Sales rose 0.3 percent after falling the same amount in January, the Commerce Department said last week. Still, consumer spending shows no sign of slowing down, as it accounted for $6 trillion of the $9 trillion U.S. economy last year and helped dig the country out of the recession.


Speaking of the "r" word, everyone -- including Federal Reserve chairman Alan Greenspan -- says the recession is over, though the recovery will be slow. Many catalogers and retailers reported good news for February sales, with the Sharper Image at the top of the list. The company saw its catalog sales skyrocket 98 percent to $8.7 million last month over February 2001 and gave much of the credit to an infomercial campaign it aired.


In several respects, the horrible events of Sept. 11 seem a lifetime ago -- not six months.
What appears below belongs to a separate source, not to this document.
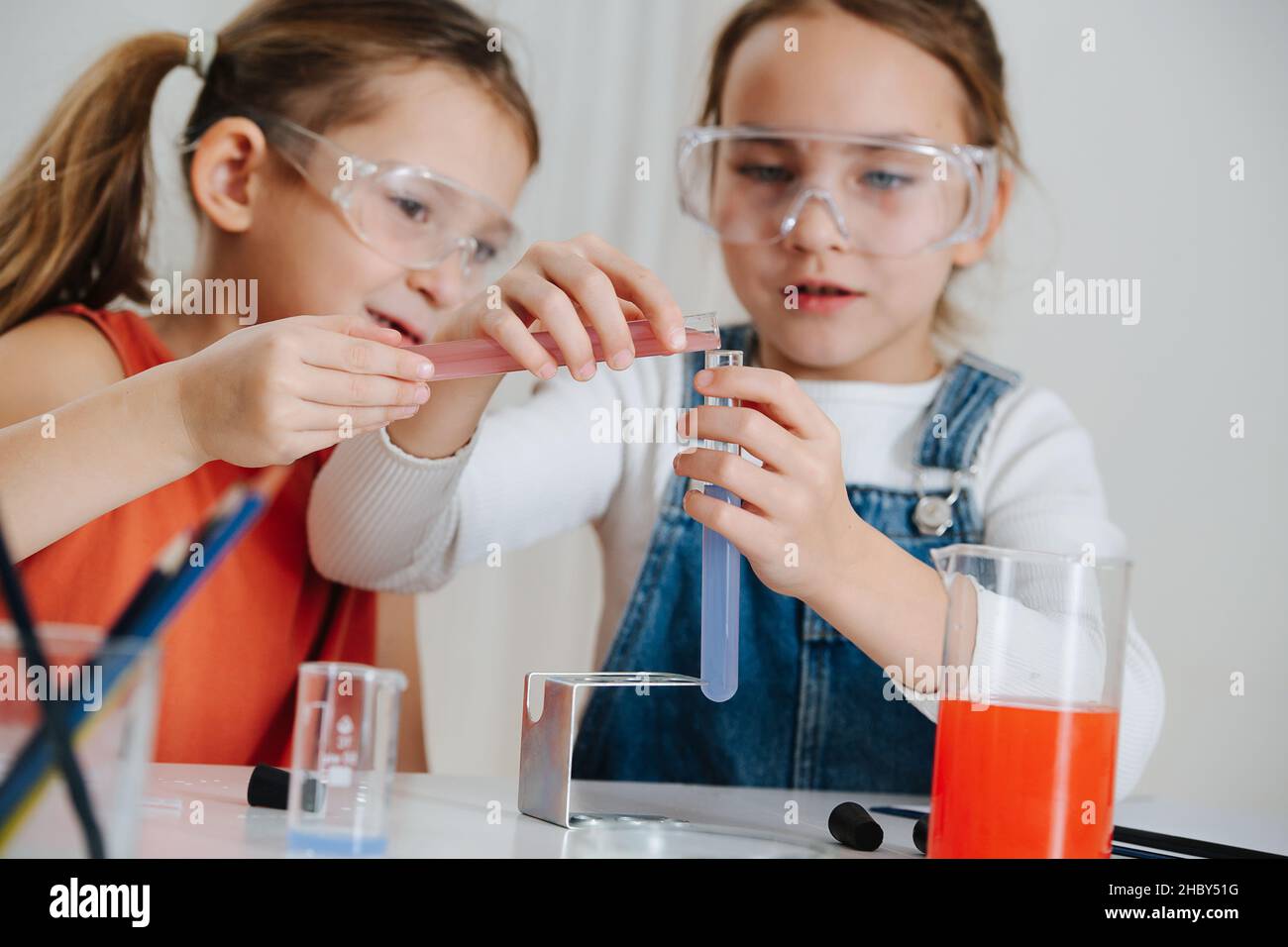 Happy little girls doing science project, they are mixing two colored liquids Stock Photo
While the fear of terrorism continues to eat into some industries, especially tourism, people's resiliency comes shining through. Life isn't like before, but it never will be again. Those of us in New York City began looking toward a new symbol of hope last week: twin beams of light that pierce the night sky to create an eternal memorial to those who lost their lives at the World Trade Center. The memorial is only temporary, officials say. Why not make it permanent?


DTC Advertising and Drug Costs


Vioxx. Nexium. Claritin. Day and night, the commercials never stop. Who would have thought that direct-to-consumer drug advertising would be this big back in 1997 when the Food and Drug Administration loosened its restrictions? However, those campaigns don't come cheap and are driving up costs, The Wall Street Journal reported last week. Manufacturers aren't backing away either, as supported by numbers from researcher CMR, which put DTC drug ad spending at $2.49 billion last year. In 1997, it was $859 million. Meanwhile, the Journal pointed out the latest strategy to market new drugs -- the lowly coupon -- as more companies offer free one-week and one-month supplies of their drugs.